Что в этой философской теории представляется нам наиболее значимым с точки зрения ее объяснительной силы по отношению к рассматриваемому вопросу? Во-первых, это взаимосвязь (нерасторжимая и неслиянная) такой триады, как смысл– текст – язык[12]
. Во-вторых, признание включения и отражения в каждом семантическом кванте-слове всего возможного семантического потенциала; повторим еще раз: «Язык становится не логичным (в традиционном понимании того, что есть логика), а мифологичным. Мифологичность этого языка прежде всего в том, что он всегда остается открытым для спонтанной перестройки смысловых квантов». Именно эту особенность концепта – одну из наиболее существенных его характеристик, на наш взгляд, – и стремятся выразить все исследователи (вне зависимости от того, с какой точки зрения они его рассматривают – лингвокогнитивной, лингвокультурной, психолингвистической и т. п. Во всех приведенных нами в главе I определениях мы курсивом попытались выделить именно то, что связывает их (определения) и со смыслами (скрытыми и явленными), и с некоторой фиксированной совокупностью некоторых знаний, легко и достаточно однозначно определяемых per aliud (через посредство другого), но совершенно не определяемых per se (сами по себе; в чистом виде)[13].Приведем еще одно пространное рассуждение современного философа, которое, на наш взгляд, точно отражает существо рассматриваемого вопроса:
«Антропоморфизм всегда был и остается могучим и, вне всякого сомнения, самым универсальным эвристическим принципом. И это вполне естественно: человек может смотреть на мир только по-человечески, и никак иначе. Точно так же, как волк не может видеть мир не по-волчьи, а медведь не по-медвежьи. Наука может абстрагироваться от индивидуального антропоморфизма (эгоцентризма), но не от родового: только в этом смысле и можно, по-видимому, говорить об объективности науки. Не по-человечески, с абсолютной объективностью, на мир взглянуть не позволяет даже наука. Конечно, наука (и отдельный индивид) может попытаться поставить себя на место какого-либо иного, живого и даже мыслящего существа и посмотреть на мир его глазами. Для познания мира такая «подстановка» имела бы огромное значение. Но это все равно не преодолело бы антропоморфизма: для того чтобы по-настоящему увидеть мир глазами иного существа, надо этим существом стать, даже если таким существом является другой человеческий индивид: чужая душа, говорят, – потемки.
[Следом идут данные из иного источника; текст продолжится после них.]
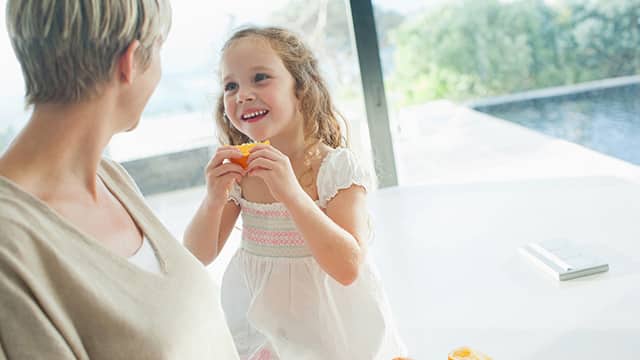 Mother watching girl eating orange Mother watching girl eating orange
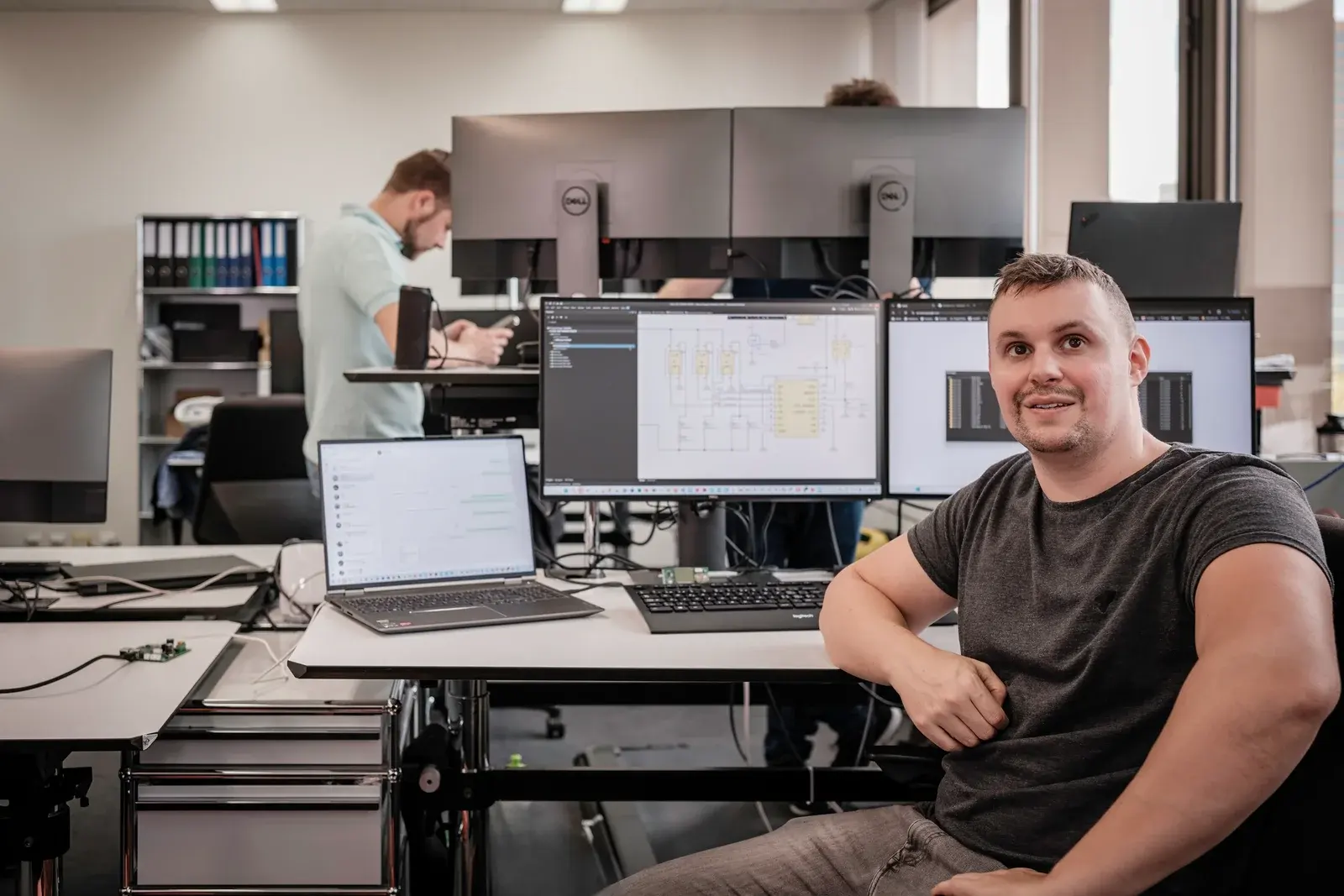 Akrodyn-Entwickler an seinem Arbeitsplatz mit Schaltplan und Terminal auf den Bildschirmen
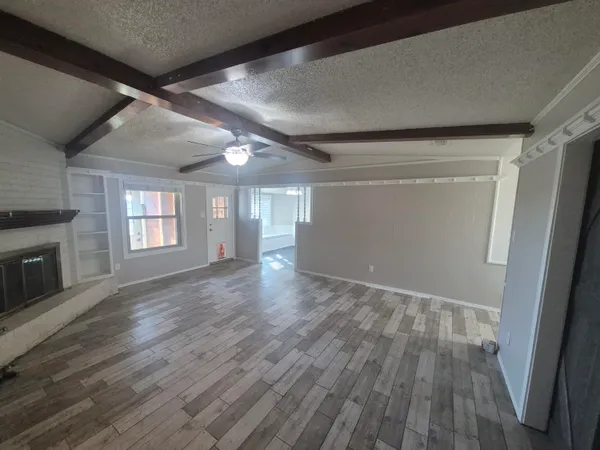 a view of empty room with wooden floor and fireplace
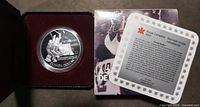 Coin in capsule within open presentation case beside certificate and sleeve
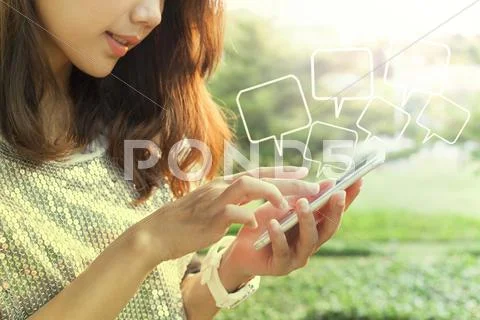 Beautiful woman playing and touching on smart phone screen in outdoor of home Stock Photos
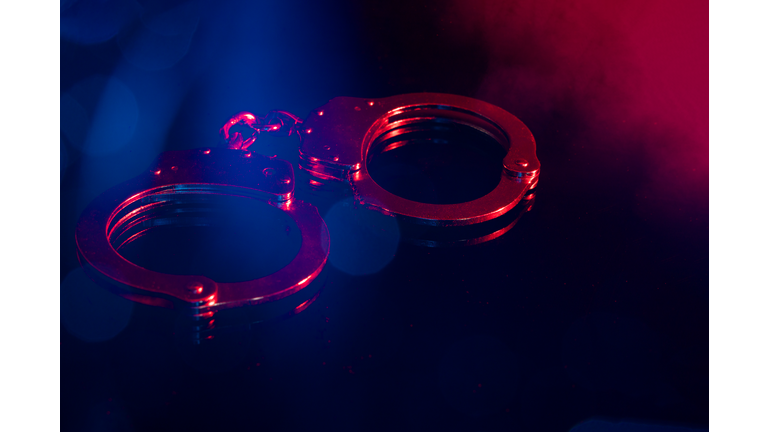 Handscuffs at Night with Red and Blue Light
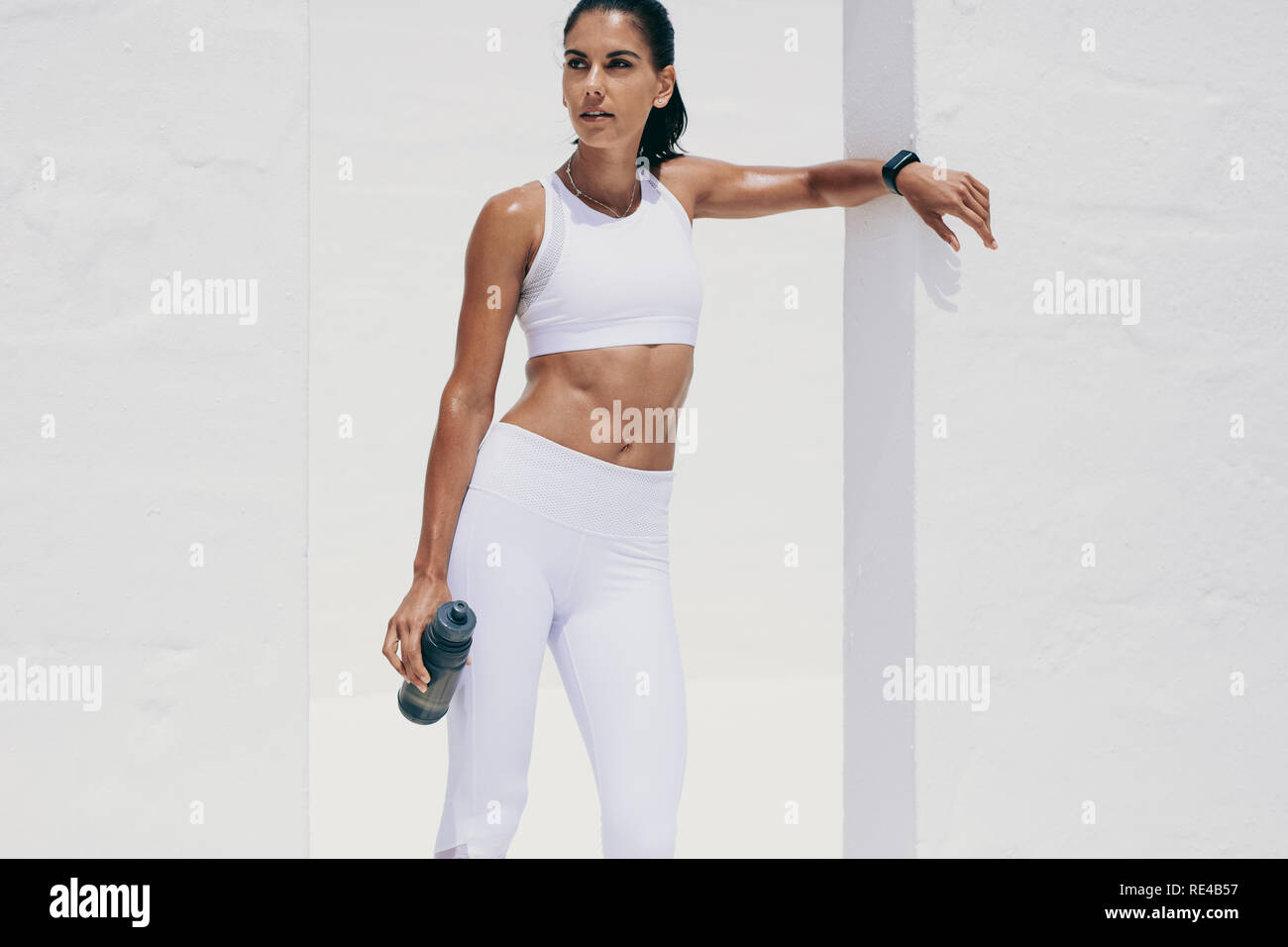 Donna in usura fitness prendendo una pausa da allenamento in piedi con una bottiglia di acqua in mano. Athletic donna prendendo una pausa di acqua durante l'allenamento. Foto Stock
Итак, мифологическое мышление моделировало мир по образу и подобию человека. Древний человек извлекал знания из себя самого, из своего подсознания, обобщая опыт своей телесной, душевной и духовной жизни. А поскольку все указанные сферы его жизнедеятельности являются изоморфными друг другу и поскольку человек ощущает это тем в большей степени, чем меньше его подсознание стеснено сознанием, постольку знания, полученные им в какой-либо одной сфере опыта, автоматически распространялись и на другие сферы. Точнее, не распространялись даже, а естественным образом вписывались в единую, целостную картину мира, ибо сам человек един и целостен.
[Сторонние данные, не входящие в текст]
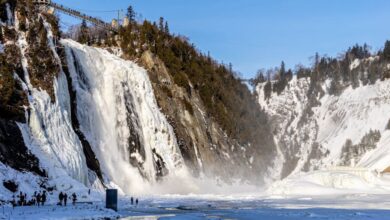 Quebec Glacier Tours - Frozen waterfall cascading down a snowy mountain under a blue sky, perfect for winter nature photography.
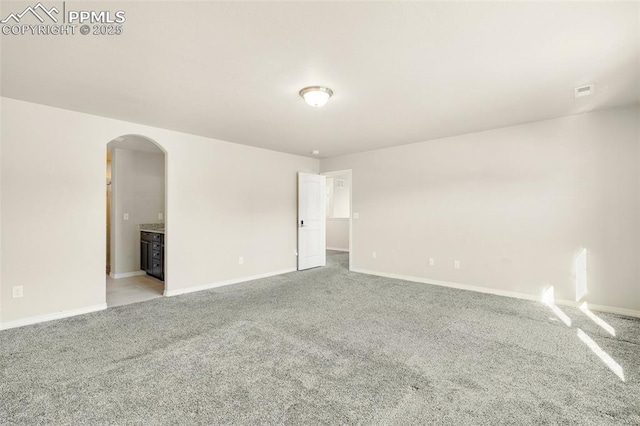 spare room with light carpet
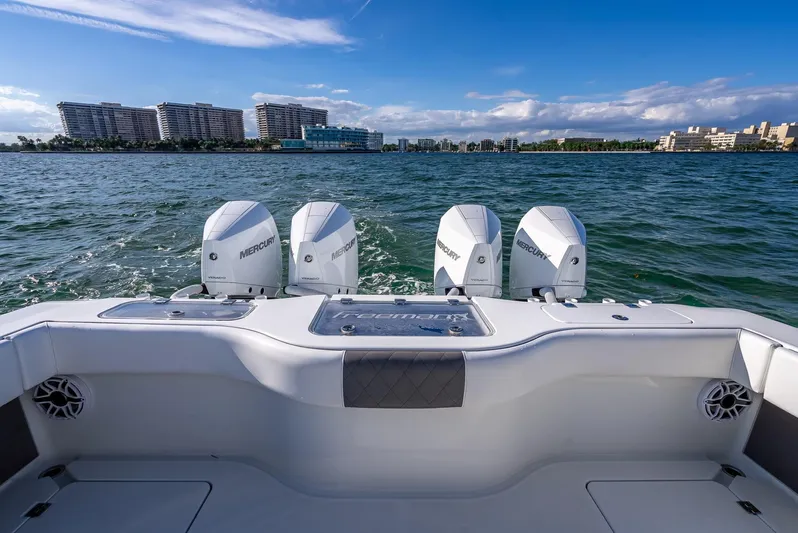  Yacht Photos Pics Freeman 37 boat with four Mercury engines on a sunny day, 2021 model.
Формирование мифологическим мышлением именно картины мира, а не просто картины человека было обусловлено тем, что древний человек отчетливо ощущал изоморфизм того и другого. Точнее, он ощущал себя живущим сразу в трех разных реальностях. И даже не в трех разных, а в одной триединой реальности, которая была для него и миром внутренним, и миром внешним, и им самим, и целой Вселенной.